Maersk, CMA CGM and MSC best positioned for transpacific rates war
Maersk Line, CMA CGM and MSC are in a better position to battle through the transpacific rate war thanks to their stronger economies of scale, according to new research.
This means Maersk Line, MSC and CMA CGM have vessels on average 32% larger than other lines.
The researcher also said that the three carriers appear reluctant to share the benefits of economies of scale that they have achieved - excluding slot charters, the three carriers mainly partner with each other.
Other alliance’s had lower vessel sizes than Maersk Line, CMA CGM and MSC.
The CKYH alliance’s average vessel size of 5,883 teu is 9% lower than average.
The New World Alliance’s average size of 6,380 teu is 2% lower than the average.
The Grand Alliance/Zim’s is just 2% more at 6,609 teu.
Drewry said this explained the stronger financial results posted by CMA CGM and Maersk Line.
“Maersk Line, MSC and CMA CGM consequently have tremendous economies of scale over others, enabling them to ride out the current eastbound freight rate war more comfortably.
“Carried through to a global level, it probably explains why CMA CGM and Maersk were amongst the most profitable of all major ocean carriers at earnings before interest and tax level last year. MSC’s position is unknown, being privately owned.

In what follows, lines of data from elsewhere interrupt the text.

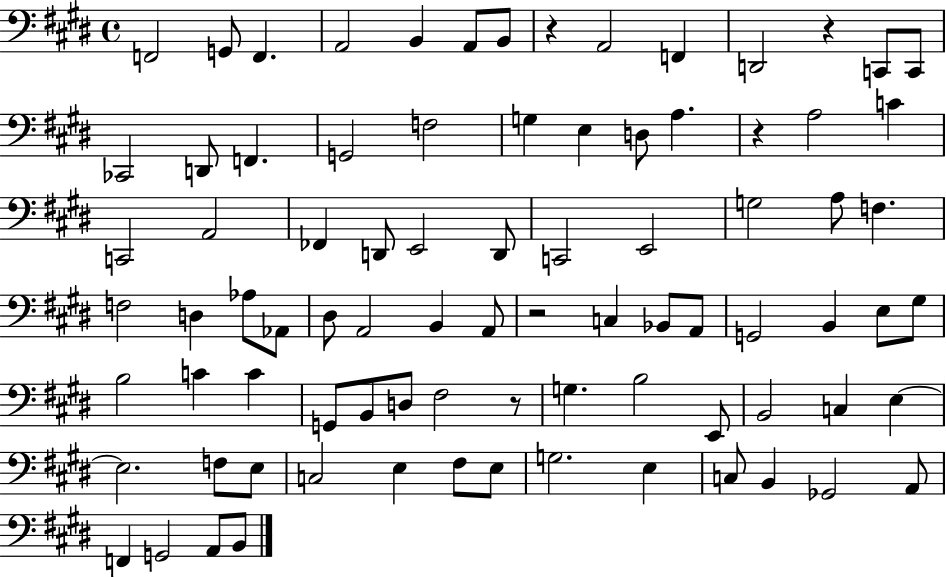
F2/h G2/e F2/q. A2/h B2/q A2/e B2/e R/q A2/h F2/q D2/h R/q C2/e C2/e CES2/h D2/e F2/q. G2/h F3/h G3/q E3/q D3/e A3/q. R/q A3/h C4/q C2/h A2/h FES2/q D2/e E2/h D2/e C2/h E2/h G3/h A3/e F3/q. F3/h D3/q Ab3/e Ab2/e D#3/e A2/h B2/q A2/e R/h C3/q Bb2/e A2/e G2/h B2/q E3/e G#3/e B3/h C4/q C4/q G2/e B2/e D3/e F#3/h R/e G3/q. B3/h E2/e B2/h C3/q E3/q E3/h. F3/e E3/e C3/h E3/q F#3/e E3/e G3/h. E3/q C3/e B2/q Gb2/h A2/e F2/q G2/h A2/e B2/e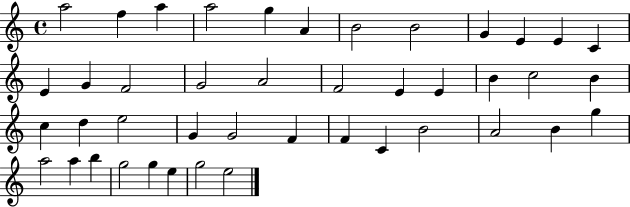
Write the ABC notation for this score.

X:1
T:Untitled
M:4/4
L:1/4
K:C
a2 f a a2 g A B2 B2 G E E C E G F2 G2 A2 F2 E E B c2 B c d e2 G G2 F F C B2 A2 B g a2 a b g2 g e g2 e2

“It also explains why carriers, such as APL and Hanjin, whose transpacific cargo accounts for a large proportion of their total liftings (29% and 41% respectively in the first quarter of 2013), yet operate vessels well below the average size, were amongst the poorest.”
One downside to operating larger vessels is that it results in the vessels calling at fewer ports.

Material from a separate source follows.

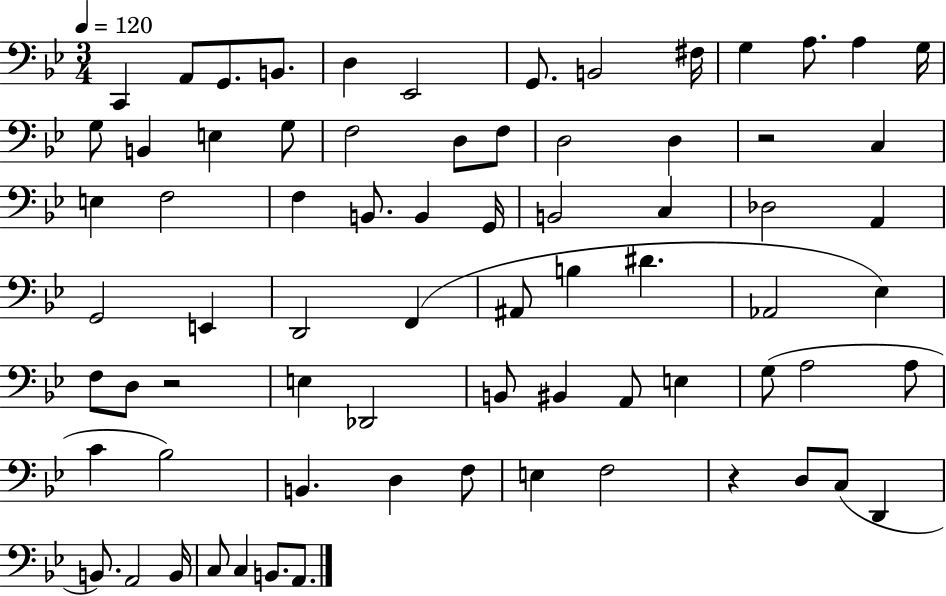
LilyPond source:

As a result, Drewry said, west coast North America ports where insufficient demand exists for big ships, or access to big ships is restricted because of physical limitations, were less likely to be called by MSC, Maersk Line and CMA CGM.
“It is okay if you want to go directly to Los Angeles, Long Beach or Oakland, but not so good if you want to go to Seattle, Vancouver, Prince Rupert, Portland or Tacoma,” Drewry said.
The research comes as freight rates on the trade lane appear to have slipped back this week after two weeks of increases.
The latest figures from the Shanghai Containerised Freight Index show that all-in spot rates on services to the west coast slipped 4% to $2,008 per feu, while prices on services to the east coast were down 2.4% to $3,176 per feu.
This decline follows two consecutive weeks of gains on the SCFI transpacific index — which saw prices jump by around $100 per feu to each coast over the fortnight — on the back of a Transpacific Stabilization Agreement-recommended rate increase of $800 per feu that was due to come into force on May 1, although the increase is understood to have been delayed two weeks.
Following the increases, the TSA recommended a further general rate increase from July 1 of $400 per feu from Asia to the US west coast and $600 to all other destinations.
TSA executive administrator Brian Conrad said a “meaningful increase” was essential, as “freight rates are still not keeping pace with rising costs”.